その事も有って真琴さんの病院と護の家を下調べしてたんだけど、そこで見ちゃったんだよね、コイツが両親を殺すの。
淡々と手際良く殺してて、あ、コイツαだって思ったんだよね。
で情報規制で確信した、αに逆恨みしてるβは一定数居るからね、そうした集団の犯行に見せ掛けたんでしょう。
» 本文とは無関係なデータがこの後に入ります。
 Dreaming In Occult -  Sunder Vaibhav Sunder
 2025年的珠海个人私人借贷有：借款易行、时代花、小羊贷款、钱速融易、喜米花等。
しかも国は女αの犯罪に甘い、だって適齢期を過ぎたβより、子を沢山産めるだろう若いα女の方が有用性が高いんだし。
理由も何となく分かるし、ね。
『なら、反撃の準備はさせて貰うわよ』
『一応、同志だから励ます気も有ったんだけど、拒否するならするで良いよ、先ずは護に相談するから』
『分かったわ、けれど身を守らせては貰うわよ』
『良いよ、今日友達になったばかりなんだしね』
カーテンはしっかり閉めた筈、なのに公開されていない情報を正確に言い当てた。
しかも既に書き記し、私の様子を探った気配は。
いや、もしかしたら何枚か用意し、私の様子次第で。
いえ、私の反応を気取ったとしても、あんなに詳しい方法までは。
なら、一体どうやって。
もしかして、道具の処分の時?
いえ、アレは室内で完璧に処分した、しかも処分方法までは言及していない。
本当に護の部屋から見ただけなら、知らない筈。
けれど、コチラから不用意な事を言えば、募穴を掘る可能性が高い。
コレは、狙いが判らない以上、様子見をするしか無い。
『どうぞ』
『お焼香を良いかな』
『どうぞ、コチラです』
経済的な理由から、ウチに仏壇は無い。
遺影と骨壺が2つだけ、そして墓も無いから海と山に散骨となる予定。
忌々しい、早くどうにかして護の傍に行きたいのに。
『さ、君の部屋を案内してくれるかな。あぁ、包丁でも何でも持って来たら良いよ』
『ちょっと、いきなり』
彼を追い掛けると、本当に私の部屋へ。
もしかして僅かな隙間から、本当に彼は。
『用事はコレ、俺は暫く護の部屋を眺めてるから、何か調べ物してて。あ、俺がココに来る事は言って有るから、下手な事はしないでね』
彼が指差したのは、パソコン。
全く意味が分からない。
けれど、今は私が弱い立場に有る、彼に証言されては護に会えない。
殺すか従うか、ココは様子見しか無い。
『分かったわ』
カーテンの向こうには、護の部屋。
寝起きの悪い護の為、日当たりが良い部屋が護の部屋になったらしい。
殆ど物は無かったけど、親が取っておいた物が置いてあって。
まだまだ護の匂いがした。
凄く落ち着く匂い、良い匂いなのに。
この女は、何が気に食わなかったんだろう。
いや、αの本能が強いのか、可哀想に。
『そろそろクッキーとかどうかな、気分転換に、カーテン開けてクッキー作り。好きだったんでしょ、ご両親』
両親に内緒で材料を買いに出て、帰って来たら両親が亡くなっていた。
って、言ってたらしいじゃん、周りにもさ。
『分かったわ、但し』
『君に迷惑を掛ける気は無いよ、何となく察しはついてるからね』
『何だって言うのよ』
『はい、コレ』
【護との仲を許されない、結婚を強制されそうになった】
まだまだだな、少しでも目を見開いた時点で、正解だって言う様なモノなのに。
『ち、違っ』
『ダメだよ、少し目を見開いた時点で合ってるってバレるから、もう少し制御した方が良いよ。そのままだと誰にでもバレる、それだとより上の者に食われるから、もう少し色々と抑えた方が良いよ』
『アナタ、本当に』
『うん、君と同じだよ。だから気持ちは分かる、優生思想や選民思想には反吐が出る』
優秀な推理小説家の母親と、優秀な刑事の父を持ってるんだからって、周囲から期待を押し付けられて息苦しくて堪らなかった。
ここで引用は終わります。